Suponía que ella no quería ganar únicamente por la cuestión del dinero. Con seguridad le era necesario, pero ignoro para qué lo necesitaba tanto. Con la promesa de darme una explicación, nos despedimos. En el casino había mucha gente. Se veían rostros ávidos. Me abrí camino hacia la mesa del centro y me senté cerca de un croupier. Al principio no arriesgaba demasiado. Pero, a medida que fue pasando el tiempo, hice algunas observaciones interesantes. Creo que todo lo que se dice acerca de los cálculos del juego, en realidad no significan mucho, no son tan importantes. Los veo con sus anotaciones plagadas de cifras, cómo apuntan todas las jugadas, deducen las probabilidades y, luego de haber calculado todas las variables posibles, hacen su apuesta y pierden, de h misma manera que yo, y todos aquellos que juegan al azar.
Sin embargo, he visto algo: en esta sucesión de probabilidades fortuitas hay algo parecido al orden... pero uno muy especial e inaccesible para la inteligencia humana.

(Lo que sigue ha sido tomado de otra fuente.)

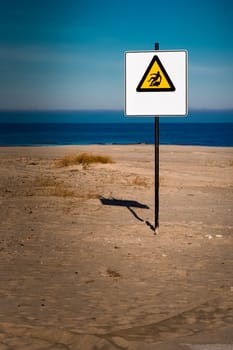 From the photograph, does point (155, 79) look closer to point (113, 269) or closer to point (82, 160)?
point (113, 269)

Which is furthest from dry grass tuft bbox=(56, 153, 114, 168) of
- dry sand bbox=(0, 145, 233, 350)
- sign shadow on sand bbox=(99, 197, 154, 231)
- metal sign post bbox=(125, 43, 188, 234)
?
metal sign post bbox=(125, 43, 188, 234)

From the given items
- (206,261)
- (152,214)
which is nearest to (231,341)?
(206,261)

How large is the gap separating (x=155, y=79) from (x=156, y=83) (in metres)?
0.06

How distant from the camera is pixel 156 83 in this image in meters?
8.65

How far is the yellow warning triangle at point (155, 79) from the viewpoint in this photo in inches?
339

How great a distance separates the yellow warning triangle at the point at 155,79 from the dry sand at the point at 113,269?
2.32m

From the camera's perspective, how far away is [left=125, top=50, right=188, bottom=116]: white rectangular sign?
28.2ft

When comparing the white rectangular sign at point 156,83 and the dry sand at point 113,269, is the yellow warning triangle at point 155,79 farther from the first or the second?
the dry sand at point 113,269

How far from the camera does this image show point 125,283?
6.48 meters

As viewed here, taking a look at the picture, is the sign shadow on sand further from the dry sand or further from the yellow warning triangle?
the yellow warning triangle

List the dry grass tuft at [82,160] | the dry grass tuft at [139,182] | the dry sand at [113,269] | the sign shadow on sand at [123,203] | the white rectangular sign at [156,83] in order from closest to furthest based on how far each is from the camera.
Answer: the dry sand at [113,269] < the white rectangular sign at [156,83] < the sign shadow on sand at [123,203] < the dry grass tuft at [139,182] < the dry grass tuft at [82,160]

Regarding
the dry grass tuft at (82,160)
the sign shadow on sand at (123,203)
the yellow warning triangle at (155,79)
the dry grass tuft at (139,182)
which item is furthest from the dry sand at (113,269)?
the dry grass tuft at (82,160)

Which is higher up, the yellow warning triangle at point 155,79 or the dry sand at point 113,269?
the yellow warning triangle at point 155,79

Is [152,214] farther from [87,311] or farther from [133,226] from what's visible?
[87,311] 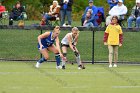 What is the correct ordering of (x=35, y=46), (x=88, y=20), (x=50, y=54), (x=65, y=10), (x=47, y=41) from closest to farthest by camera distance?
(x=47, y=41)
(x=50, y=54)
(x=35, y=46)
(x=88, y=20)
(x=65, y=10)

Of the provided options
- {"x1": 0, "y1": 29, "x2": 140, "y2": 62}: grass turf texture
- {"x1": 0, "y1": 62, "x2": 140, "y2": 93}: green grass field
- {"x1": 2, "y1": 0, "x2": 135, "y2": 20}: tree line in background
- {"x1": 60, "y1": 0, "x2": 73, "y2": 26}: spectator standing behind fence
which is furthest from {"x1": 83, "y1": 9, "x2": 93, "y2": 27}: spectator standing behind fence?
{"x1": 2, "y1": 0, "x2": 135, "y2": 20}: tree line in background

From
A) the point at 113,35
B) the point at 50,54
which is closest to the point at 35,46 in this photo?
the point at 50,54

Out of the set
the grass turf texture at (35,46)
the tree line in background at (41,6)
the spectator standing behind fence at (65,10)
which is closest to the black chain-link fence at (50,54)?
the grass turf texture at (35,46)

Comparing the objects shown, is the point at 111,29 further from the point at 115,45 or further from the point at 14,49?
the point at 14,49

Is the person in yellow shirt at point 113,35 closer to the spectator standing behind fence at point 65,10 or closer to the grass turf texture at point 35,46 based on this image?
the grass turf texture at point 35,46

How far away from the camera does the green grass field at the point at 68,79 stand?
15180mm

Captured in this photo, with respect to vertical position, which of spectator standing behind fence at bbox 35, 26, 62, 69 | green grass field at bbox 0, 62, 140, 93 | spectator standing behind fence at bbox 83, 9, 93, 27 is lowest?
green grass field at bbox 0, 62, 140, 93

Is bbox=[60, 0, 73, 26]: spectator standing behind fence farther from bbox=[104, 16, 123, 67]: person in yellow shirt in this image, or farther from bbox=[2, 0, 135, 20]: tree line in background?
bbox=[2, 0, 135, 20]: tree line in background

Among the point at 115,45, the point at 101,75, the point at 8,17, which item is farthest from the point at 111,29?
the point at 8,17

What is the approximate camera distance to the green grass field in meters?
15.2

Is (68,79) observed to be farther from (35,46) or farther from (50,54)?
(35,46)

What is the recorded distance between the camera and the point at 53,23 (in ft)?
97.5

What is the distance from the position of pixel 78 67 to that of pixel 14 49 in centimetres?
503

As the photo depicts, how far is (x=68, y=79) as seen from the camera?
17.5 meters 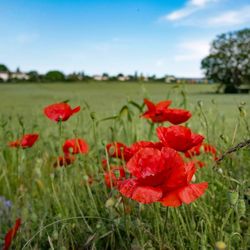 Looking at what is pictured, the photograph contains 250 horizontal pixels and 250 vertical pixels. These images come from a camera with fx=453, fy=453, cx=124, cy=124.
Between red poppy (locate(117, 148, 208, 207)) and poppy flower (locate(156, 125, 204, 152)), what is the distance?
0.07m

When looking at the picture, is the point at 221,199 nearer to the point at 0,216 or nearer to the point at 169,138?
the point at 169,138

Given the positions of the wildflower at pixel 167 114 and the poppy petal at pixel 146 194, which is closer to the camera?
the poppy petal at pixel 146 194

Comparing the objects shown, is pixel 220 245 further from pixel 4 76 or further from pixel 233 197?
pixel 4 76

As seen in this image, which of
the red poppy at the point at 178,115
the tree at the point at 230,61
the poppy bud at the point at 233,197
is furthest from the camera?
the tree at the point at 230,61

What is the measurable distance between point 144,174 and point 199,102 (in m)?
0.47

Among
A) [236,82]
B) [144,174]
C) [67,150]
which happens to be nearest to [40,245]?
[67,150]

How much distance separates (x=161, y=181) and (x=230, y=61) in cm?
1272

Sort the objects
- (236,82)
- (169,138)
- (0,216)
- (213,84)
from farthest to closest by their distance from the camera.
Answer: (213,84) < (236,82) < (0,216) < (169,138)

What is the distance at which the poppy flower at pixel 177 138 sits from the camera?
2.21ft

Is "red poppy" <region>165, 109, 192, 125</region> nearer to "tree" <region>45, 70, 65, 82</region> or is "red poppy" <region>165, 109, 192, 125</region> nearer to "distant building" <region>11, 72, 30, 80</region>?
"tree" <region>45, 70, 65, 82</region>

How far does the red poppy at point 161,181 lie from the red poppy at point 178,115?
298 mm

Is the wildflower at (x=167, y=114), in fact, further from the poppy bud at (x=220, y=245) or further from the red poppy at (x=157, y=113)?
the poppy bud at (x=220, y=245)

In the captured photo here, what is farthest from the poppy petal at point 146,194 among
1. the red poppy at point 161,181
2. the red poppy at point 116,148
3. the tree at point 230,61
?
the tree at point 230,61

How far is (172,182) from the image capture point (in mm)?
555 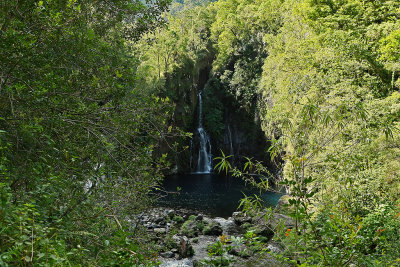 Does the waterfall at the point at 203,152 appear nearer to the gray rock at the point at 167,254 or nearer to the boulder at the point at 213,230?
the boulder at the point at 213,230

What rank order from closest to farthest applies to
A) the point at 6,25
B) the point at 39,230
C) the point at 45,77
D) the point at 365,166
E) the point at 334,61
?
the point at 39,230
the point at 6,25
the point at 45,77
the point at 365,166
the point at 334,61

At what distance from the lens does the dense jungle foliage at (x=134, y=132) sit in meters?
2.66

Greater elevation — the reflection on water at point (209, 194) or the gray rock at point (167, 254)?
the reflection on water at point (209, 194)

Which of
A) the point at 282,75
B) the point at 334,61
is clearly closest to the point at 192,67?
the point at 282,75

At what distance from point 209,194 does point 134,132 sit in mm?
18830

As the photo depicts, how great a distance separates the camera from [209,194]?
22.0m

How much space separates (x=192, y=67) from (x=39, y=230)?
99.9 feet

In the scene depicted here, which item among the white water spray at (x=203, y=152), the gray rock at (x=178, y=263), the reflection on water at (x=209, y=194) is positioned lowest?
the gray rock at (x=178, y=263)

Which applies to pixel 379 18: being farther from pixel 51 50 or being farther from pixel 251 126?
pixel 251 126

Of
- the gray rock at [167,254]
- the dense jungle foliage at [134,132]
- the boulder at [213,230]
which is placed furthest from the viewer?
the boulder at [213,230]

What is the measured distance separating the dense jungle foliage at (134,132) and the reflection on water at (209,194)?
25.7 feet

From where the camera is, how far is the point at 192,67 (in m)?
31.3

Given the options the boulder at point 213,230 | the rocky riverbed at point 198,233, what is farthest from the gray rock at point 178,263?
the boulder at point 213,230

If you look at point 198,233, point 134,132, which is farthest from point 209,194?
point 134,132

Por ejemplo, observé que la última docena sale después que los doce del centro, tal vez dos veces. Luego viene la primer docena, a la cual sigue de nuevo los doce del centro, que salen otras tantas veces, alineados. Después de esto viene la última docena, que a menudo repite unas dos veces. Luego son los doce primeros, que no se dan más que una vez. De este modo la suerte designa tres veces los doce del centro, y así seguidamente durante una hora y media o dos horas. ¿No es extraño y digno de atención este fenómeno? Cierto día, tal vez en una tarde, el negro alterna continuamente con el rojo. Cambian a cada instante, de manera que cada color no sale más que dos o tres veces. Al día siguiente, o en la misma jornada, el rojo sale continuamente, jugada tras jugada, algunas veces hasta en veintidós ocasiones, durante algún tiempo, o hasta un día entero.
Muchas de estas observaciones me las ha hecho el señor Astley, que permanece mucho tiempo junto al tapete verde, sólo observando. En cuanto a mí, perdí todo en poco tiempo. Primero aposté al par y gané. Lo puse de nuevo y volví a ganar. Y así dos o tres veces. En muy poco tiempo gané unos cuatrocientos federicos.
Debía salir de allí, pero una sensación muy extraña me invadió. De pronto, tuve el deseo de desafiar a la suerte, de burlarme de eUa. Arriesgué todo lo que tenía, y perdí. Luego, poseído por un extraño frenesí, tomé todo el dinero que me quedaba, hice la misma apuesta y volví a perder.
Salí de la sala aturdido, obnubilado. No entendía lo que me había pasado y no le dije nada a Pólina Alexándrovna hasta antes de la cena. Antes estuve deambulando por el parque, confuso.
Durante la comida me sentí de nuevo exaltado, exactmente igual que dos días antes. El francés y la señorita Blanche eran nuestros invitados. A ella la vi por la mañana en el casino y me di cuenta de que había presenciado mi triunfo y derrota. Esta vez sí que se fijó en mí.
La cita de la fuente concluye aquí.